<<<<

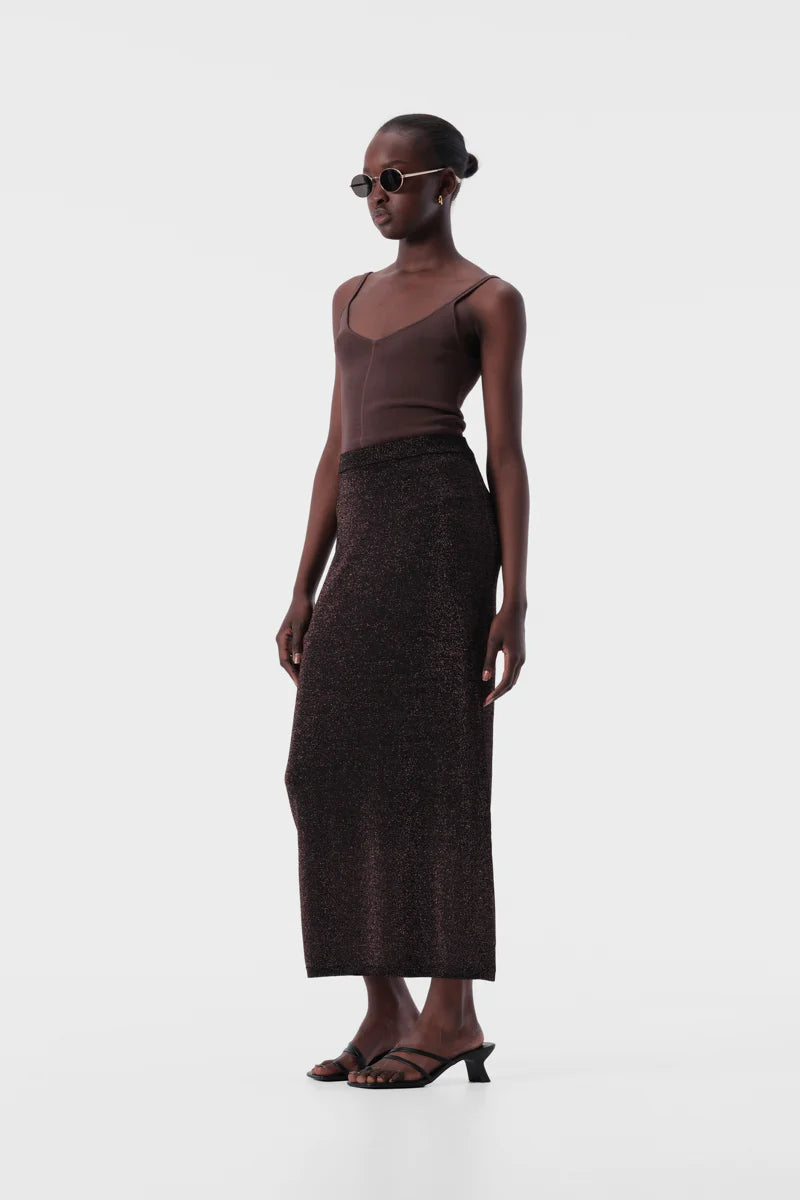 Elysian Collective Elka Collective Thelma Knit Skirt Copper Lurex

>>>>
<<<<

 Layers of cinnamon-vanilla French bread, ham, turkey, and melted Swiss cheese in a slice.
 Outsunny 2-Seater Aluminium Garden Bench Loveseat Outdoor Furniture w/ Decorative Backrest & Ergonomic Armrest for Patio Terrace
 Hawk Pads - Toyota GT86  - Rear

>>>>
<<<<

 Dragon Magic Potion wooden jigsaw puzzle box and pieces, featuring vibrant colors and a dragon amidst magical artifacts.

>>>>

[REQUIRED WORK]:
Look above for the line holding "Layers of cinnamon-vanilla". Print it and every line after it, exactly, through the line holding "Hawk Pads - Toyota".

[YOUR RESPONSE]:
 Layers of cinnamon-vanilla French bread, ham, turkey, and melted Swiss cheese in a slice.
 Outsunny 2-Seater Aluminium Garden Bench Loveseat Outdoor Furniture w/ Decorative Backrest & Ergonomic Armrest for Patio Terrace
 Hawk Pads - Toyota GT86  - Rear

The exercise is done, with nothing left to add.